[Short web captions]
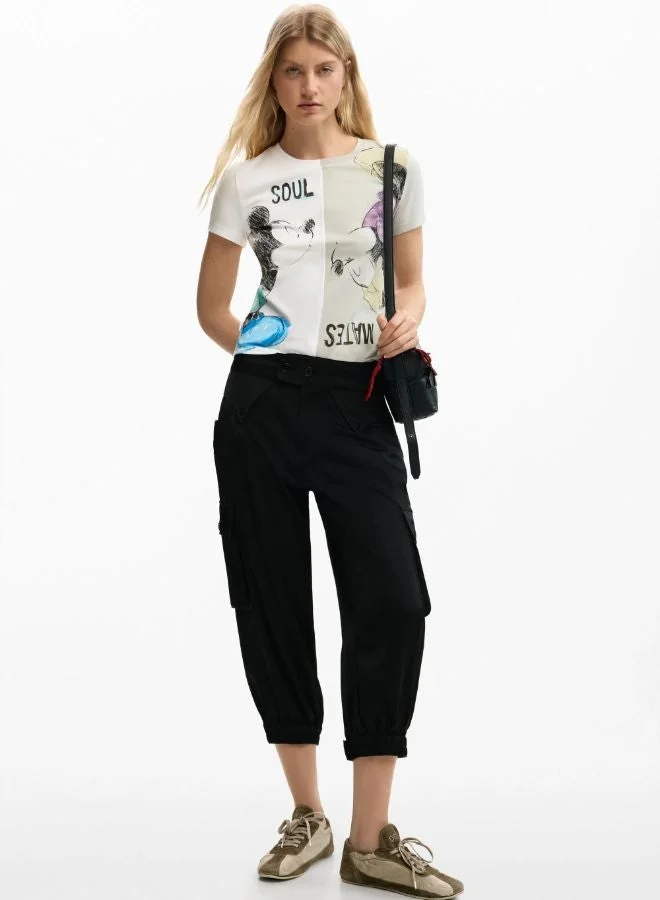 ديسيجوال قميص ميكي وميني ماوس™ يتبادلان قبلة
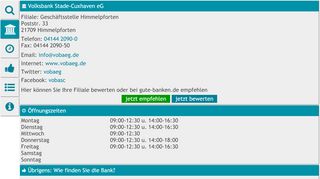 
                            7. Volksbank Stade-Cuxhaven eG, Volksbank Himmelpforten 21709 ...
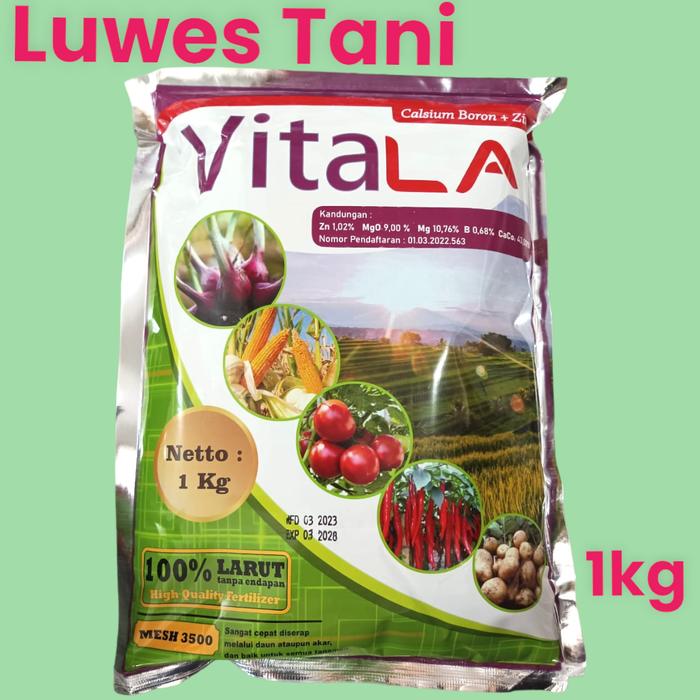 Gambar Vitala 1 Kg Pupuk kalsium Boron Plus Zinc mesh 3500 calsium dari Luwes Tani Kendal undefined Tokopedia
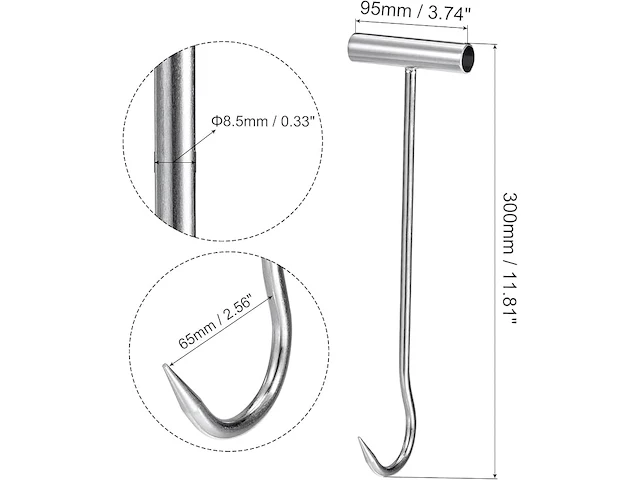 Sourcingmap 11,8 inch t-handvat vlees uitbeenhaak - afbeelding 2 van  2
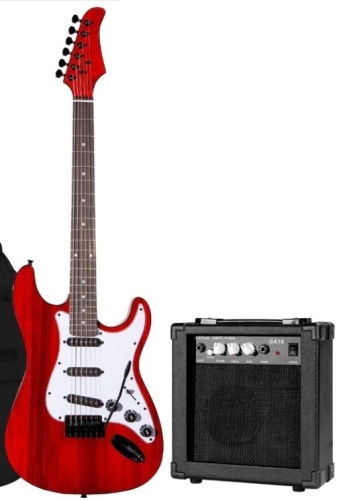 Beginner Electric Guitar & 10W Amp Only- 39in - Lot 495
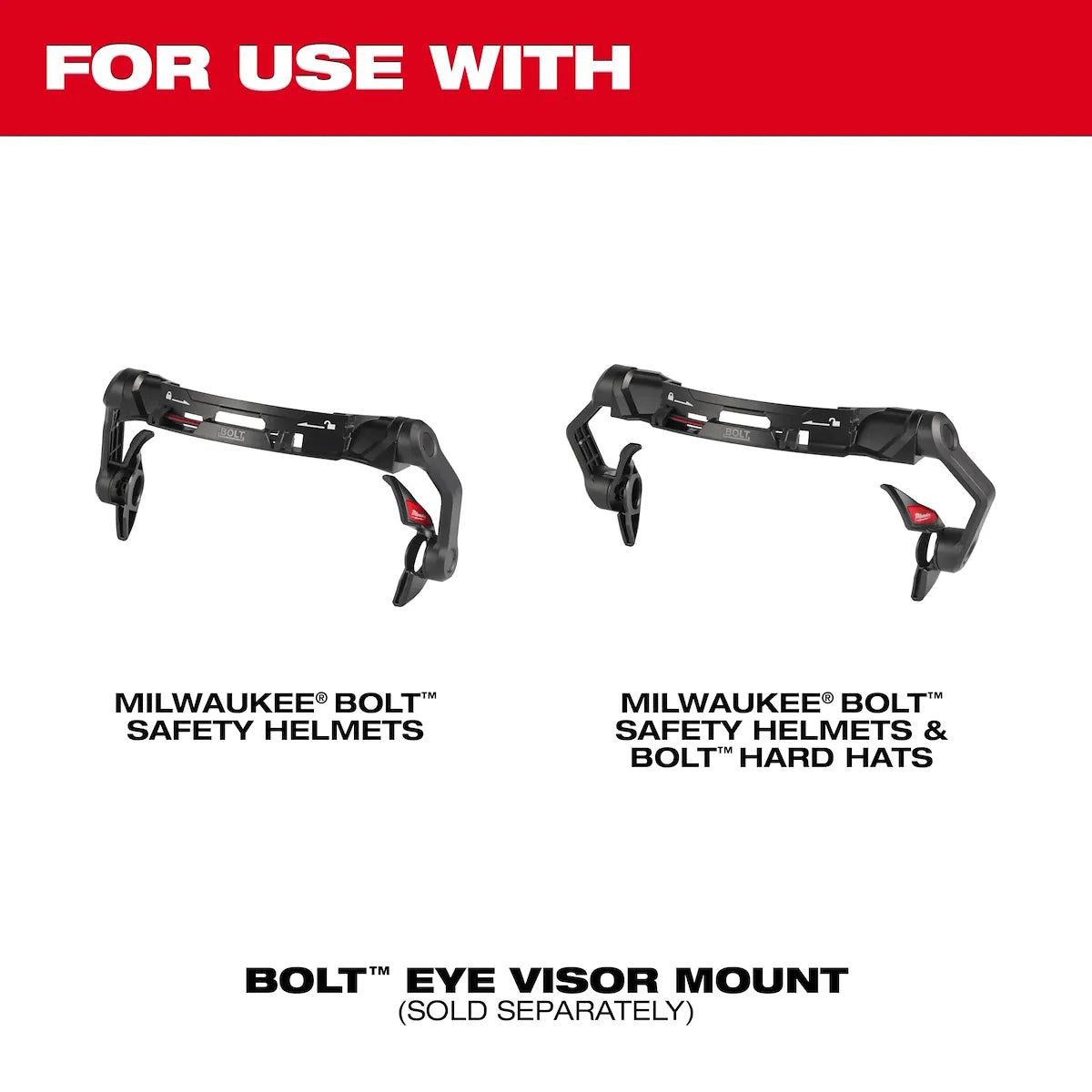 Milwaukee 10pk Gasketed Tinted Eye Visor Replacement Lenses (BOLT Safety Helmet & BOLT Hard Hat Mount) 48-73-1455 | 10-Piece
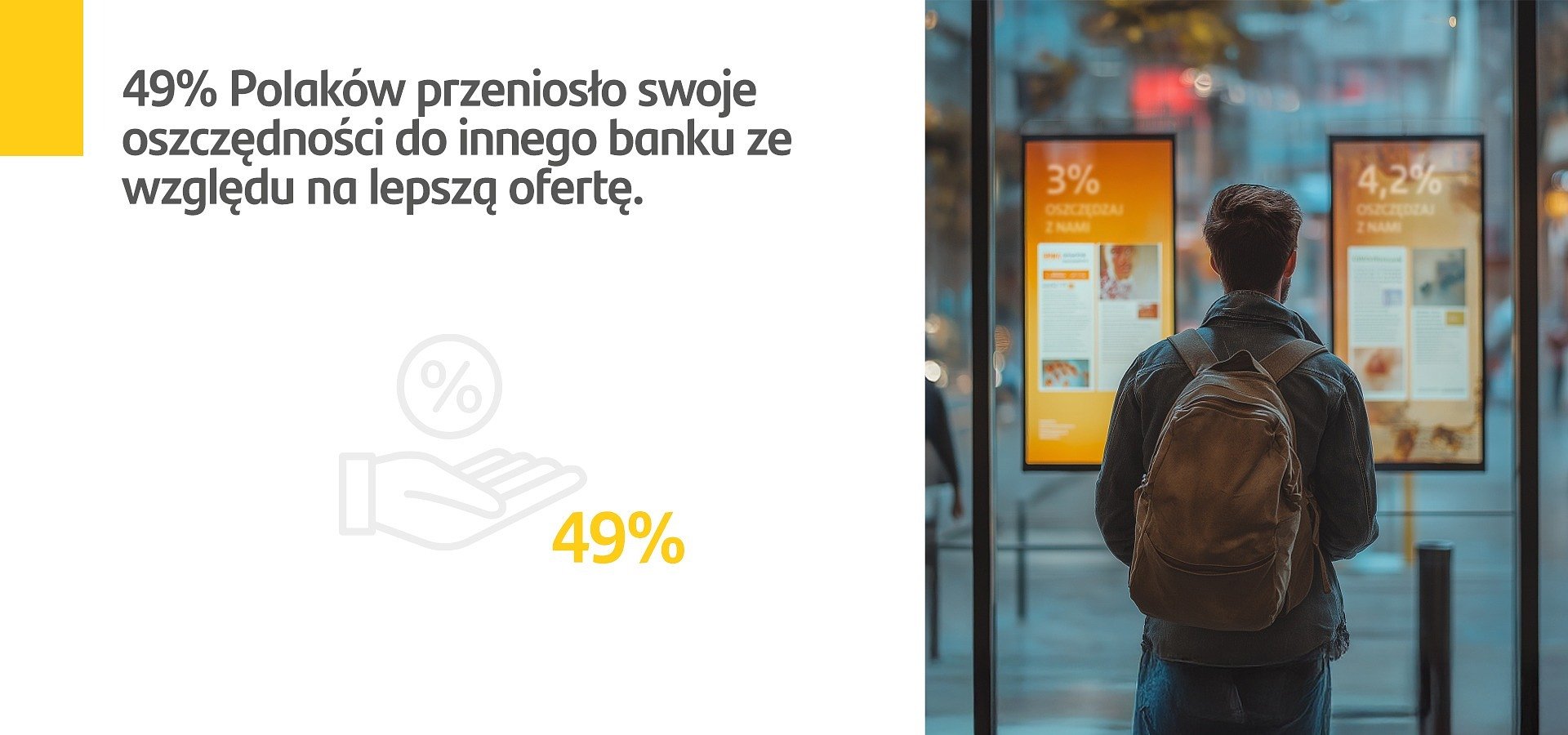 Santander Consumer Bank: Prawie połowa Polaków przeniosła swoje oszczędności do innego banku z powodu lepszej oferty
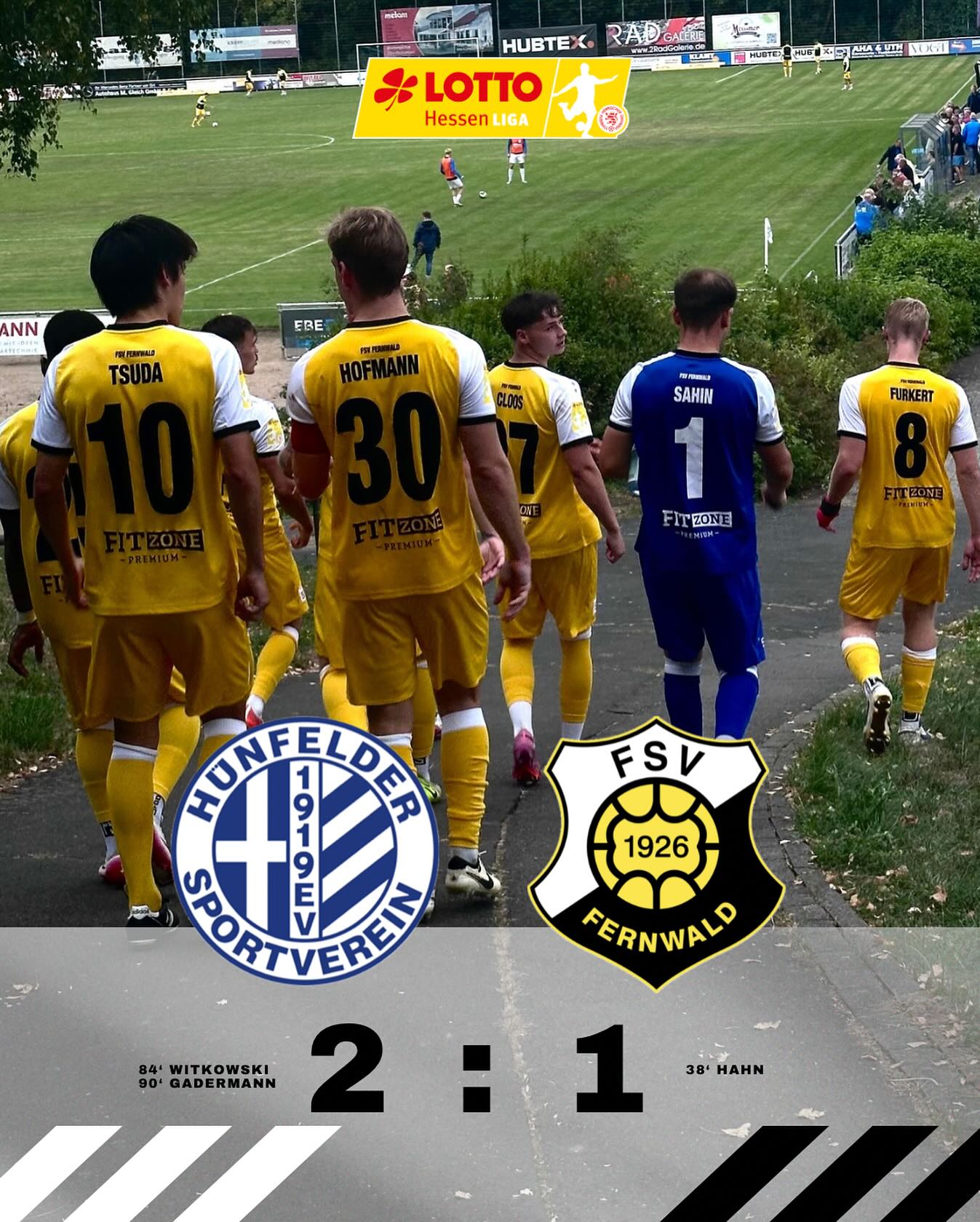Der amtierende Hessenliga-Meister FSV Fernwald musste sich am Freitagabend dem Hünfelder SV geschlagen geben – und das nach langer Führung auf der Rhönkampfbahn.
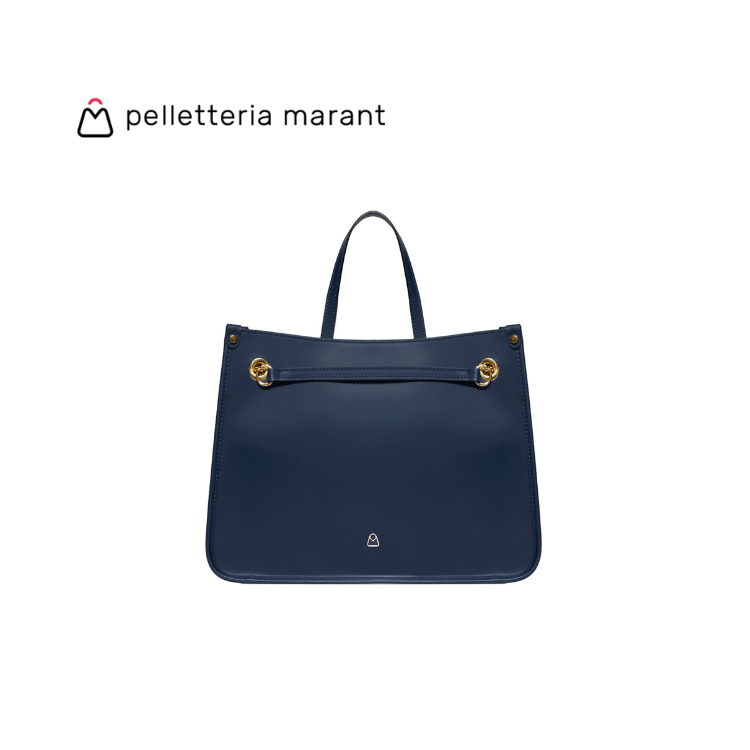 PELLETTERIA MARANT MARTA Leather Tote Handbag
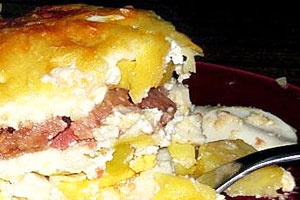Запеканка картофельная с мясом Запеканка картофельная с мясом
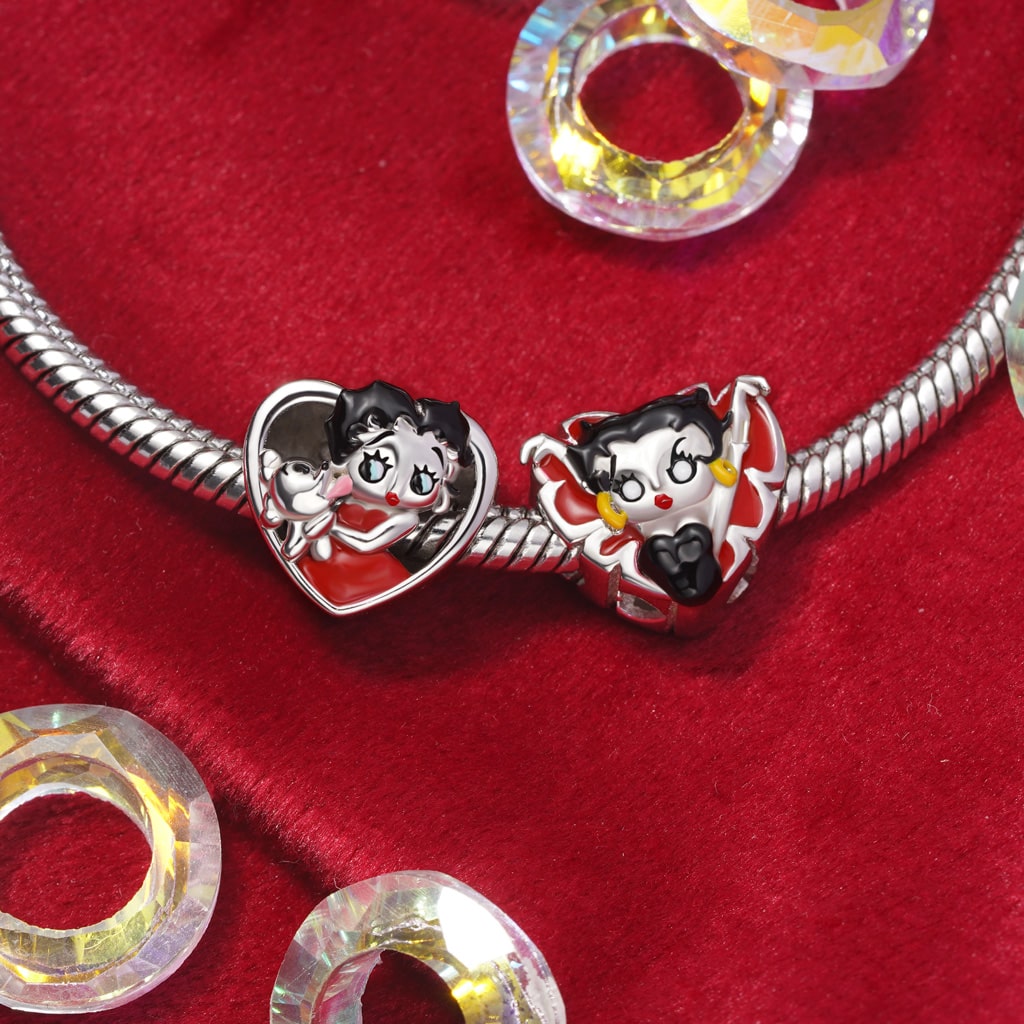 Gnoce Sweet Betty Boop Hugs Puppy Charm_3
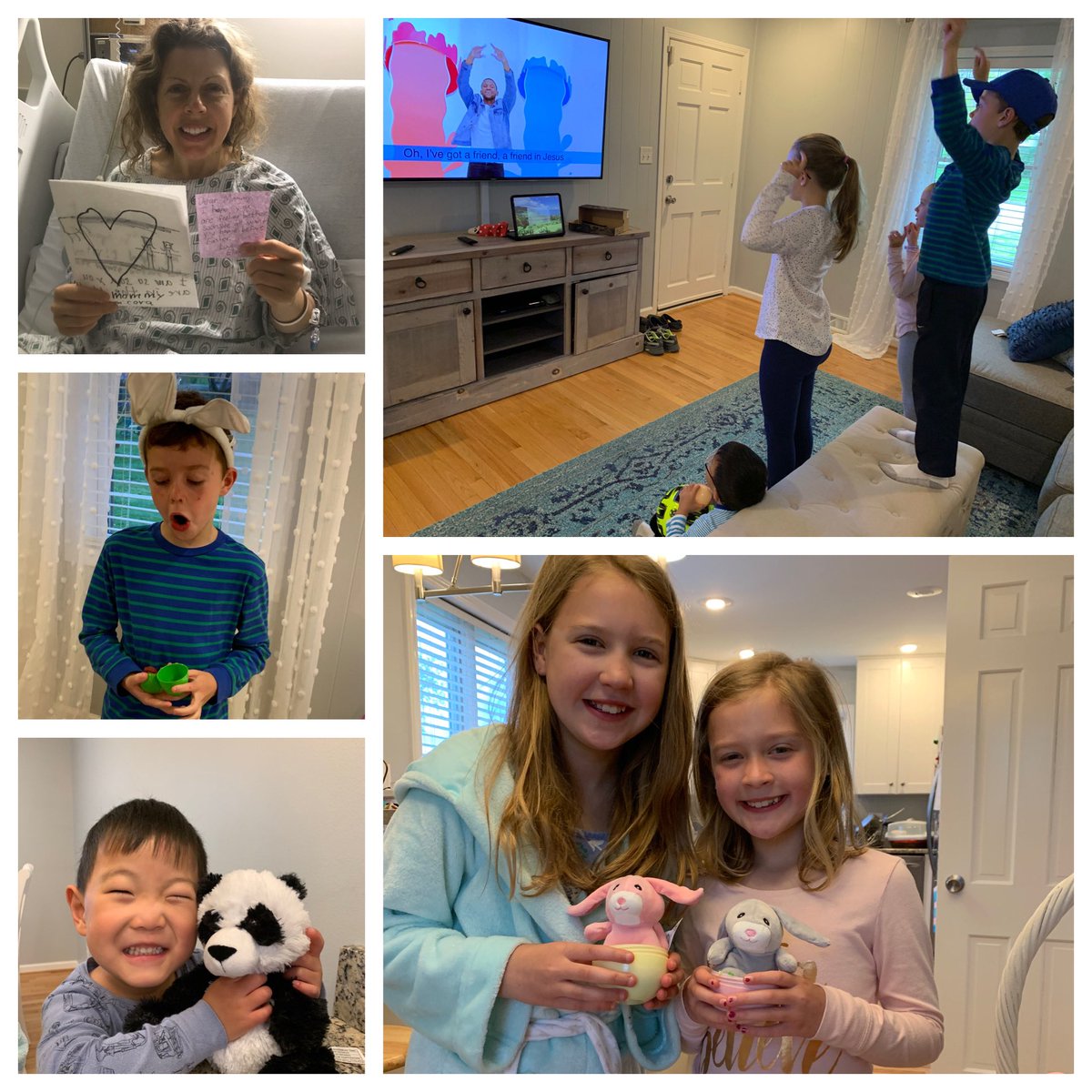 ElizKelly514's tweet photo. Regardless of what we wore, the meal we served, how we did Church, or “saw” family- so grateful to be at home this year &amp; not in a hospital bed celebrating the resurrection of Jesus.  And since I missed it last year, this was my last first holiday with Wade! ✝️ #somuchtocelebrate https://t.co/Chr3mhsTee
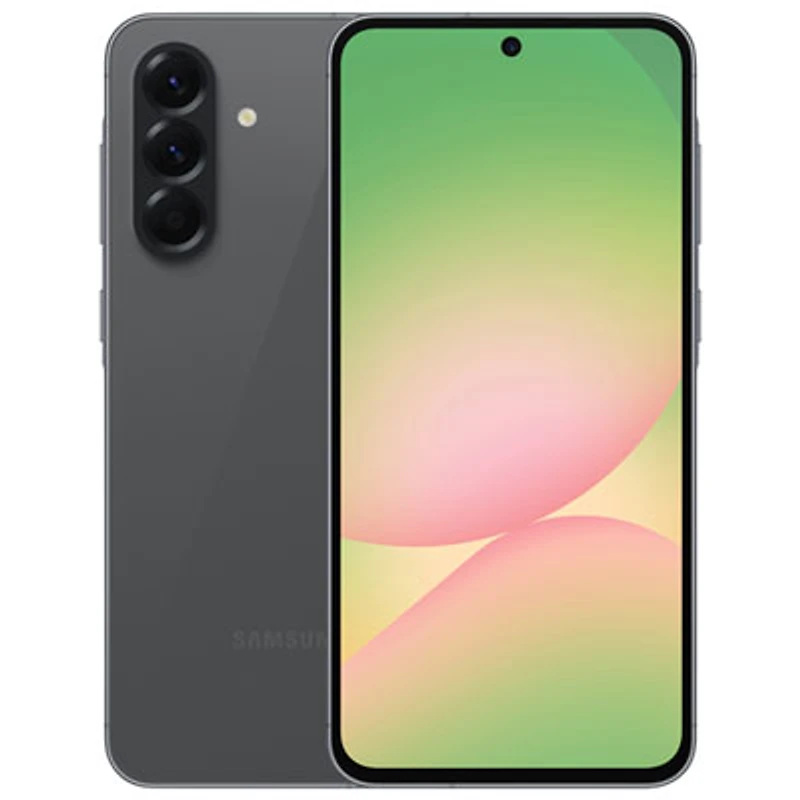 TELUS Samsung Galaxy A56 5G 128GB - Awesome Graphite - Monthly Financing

BRIEF:
Print an exact copy of the lines above, from the one containing "Gambar Vitala 1" through the one containing "Milwaukee 10pk Gasketed", and leave out the pictures.

SOLUTION TO THIS EXERCISE:
 Gambar Vitala 1 Kg Pupuk kalsium Boron Plus Zinc mesh 3500 calsium dari Luwes Tani Kendal undefined Tokopedia
 Sourcingmap 11,8 inch t-handvat vlees uitbeenhaak - afbeelding 2 van  2
 Beginner Electric Guitar & 10W Amp Only- 39in - Lot 495
 Milwaukee 10pk Gasketed Tinted Eye Visor Replacement Lenses (BOLT Safety Helmet & BOLT Hard Hat Mount) 48-73-1455 | 10-Piece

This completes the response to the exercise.